Loops, and then, finally Scripts!

What is a loop

A loop is a repeated set of commands, with some variable or variables that changes for each time through the loop. Each of these times is called an iteration of the loop.

There are usually two main parts to a loop, a condition, and then a set of commands. The first is called a loop header and the second the loop body

<some loop condition or range>  # the loop header
   <command>                      # loop body
   <command>                      # loop body
   ...                            # loop body
   <command>                      # loop body

Since they allow us to execute commands repeatedly, loops provide a means of automation and reduces the amount of typing and consequently potential typing mistakes. Loops are often used when performing the same set of operations on groups of files. For now, we will use loops with some basic commands, but will cover the use of them with analyses in later lessons.

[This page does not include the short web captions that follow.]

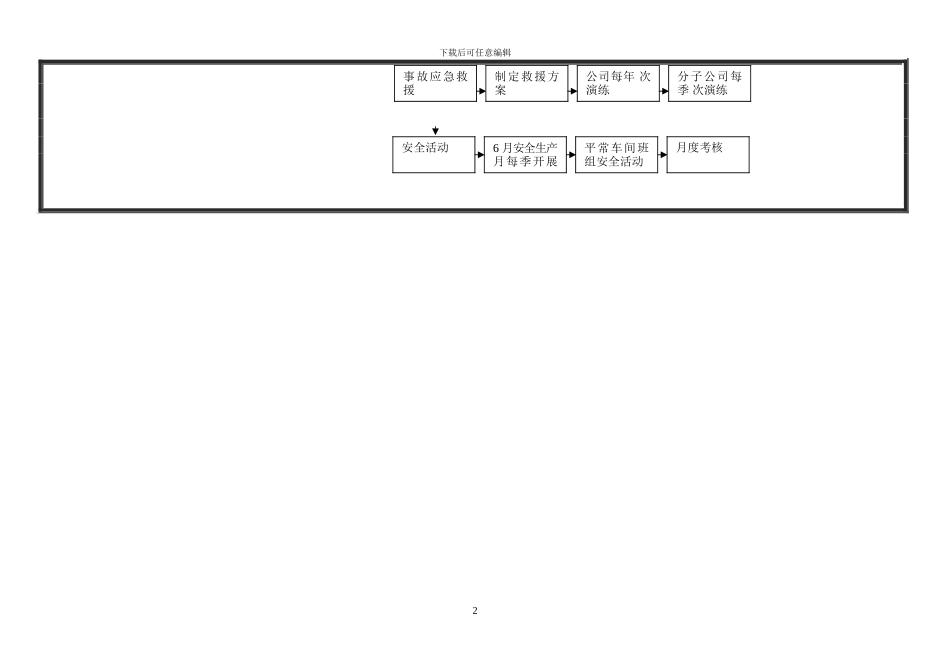 安全管理流程图_第2页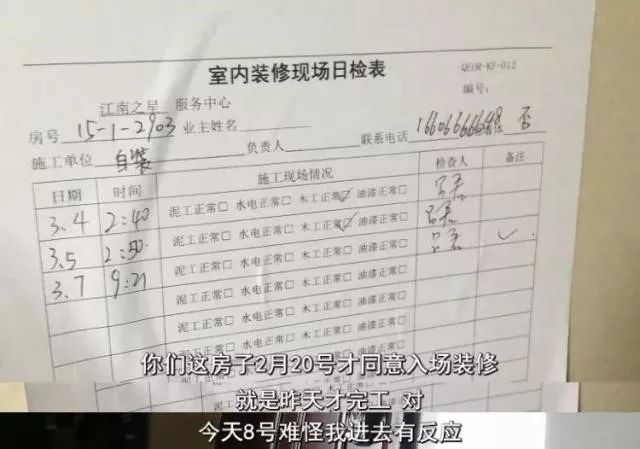 裝修甲醛清除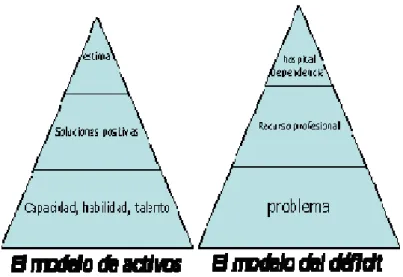 Fig. 1 Perspectivas de los modelos de déficit y activos.  Elaboración propia, a partir de Morgan &amp; Ziglio (2008)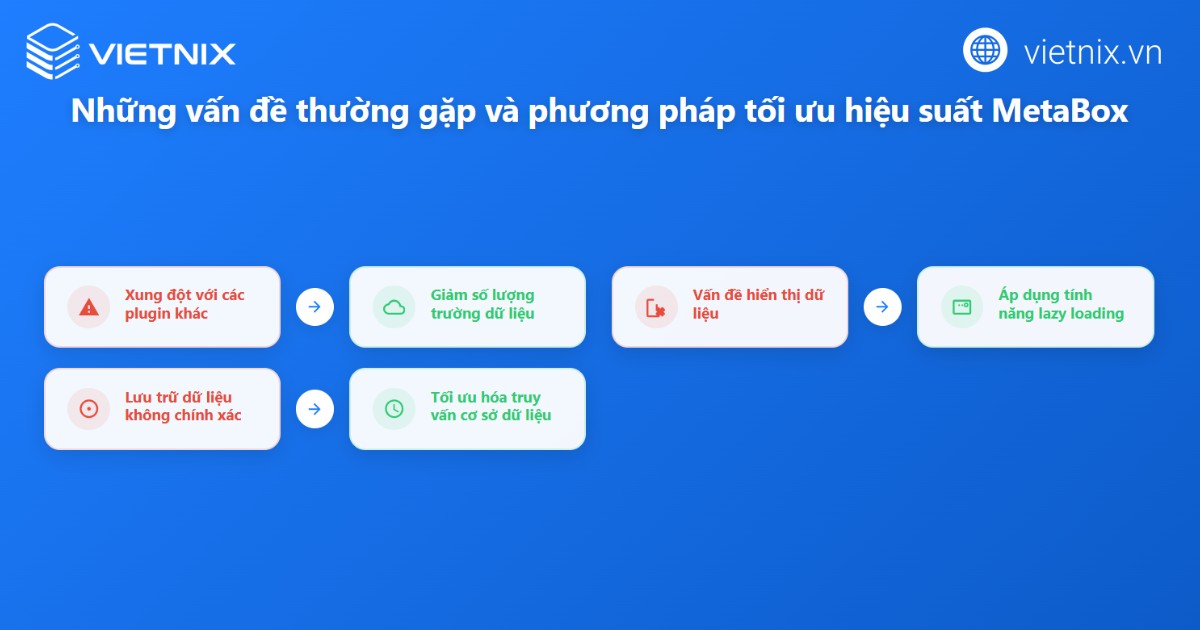 Những lưu ý khi sử dụng và phương pháp tối ưu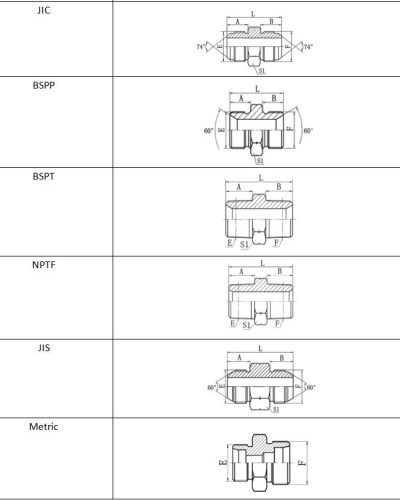 threads of hydraulic fittings Topa threads of hydraulic fittings Topa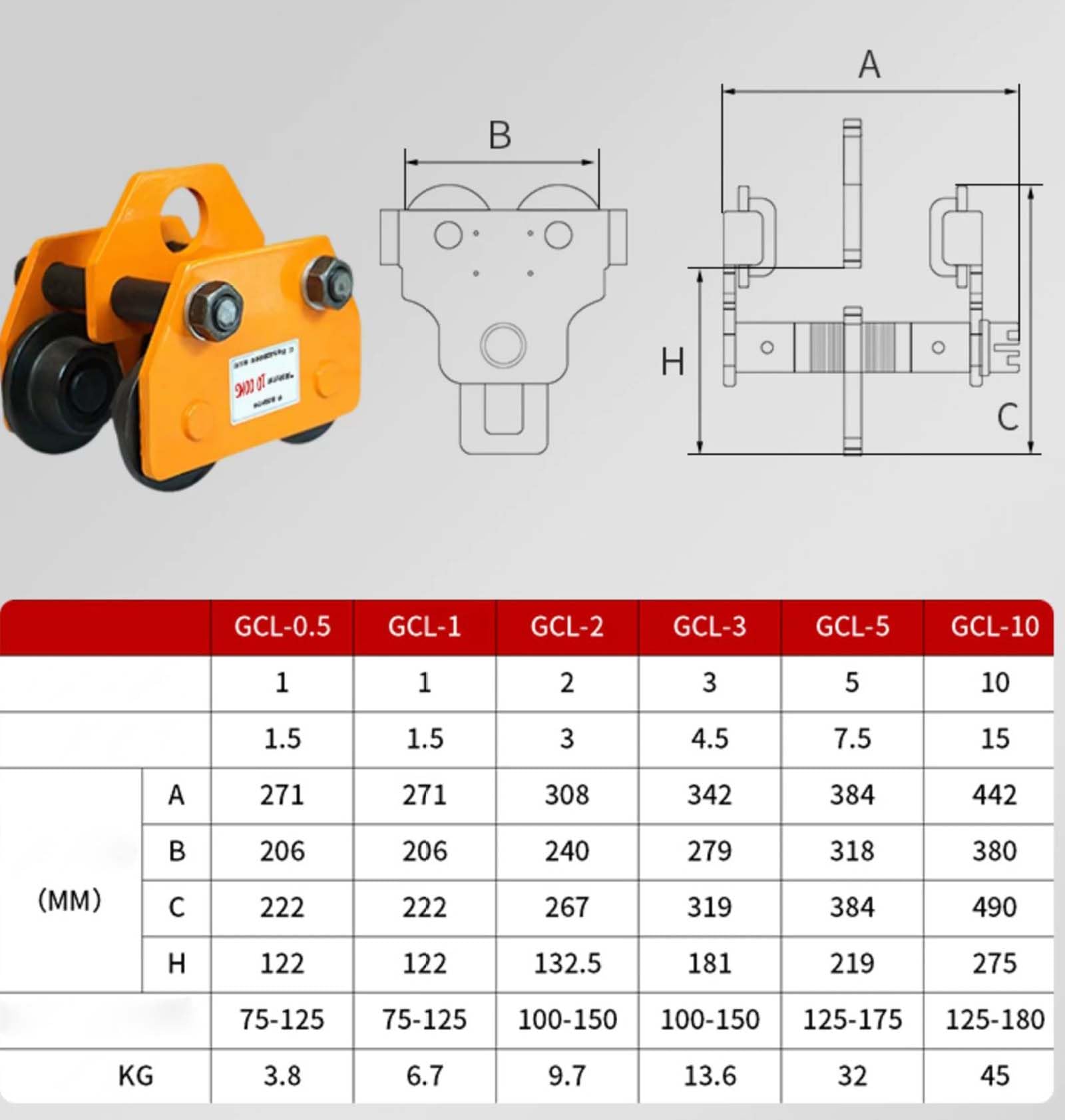 Carrello Manuale Robusto e Regolabile per Travi a I; Carrello in Acciaio a 4 Ruote per Travi dritte e Curve; Portata Versatile (3t)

Here, we’re going to learn about for loops, which iterate over a list of values. There are other kinds of loops, such as while loops that execute until a certain condition is met.

Writing a for loop in the Unix shell

When the shell sees the keyword for, it knows to repeat a command (or group of commands) once for each item in a provided list. Each time the loop runs an iteration, an item in the list is assigned in sequence to the loop variable, and the commands inside the loop are executed, before moving on to the next item in the list. Inside the loop, we call for the variable’s value by putting $ in front of it just like any other variable. Recall, the $ tells the shell interpreter to treat the variable as a variable name and substitute its value in its place, rather than treat it as text or an external command.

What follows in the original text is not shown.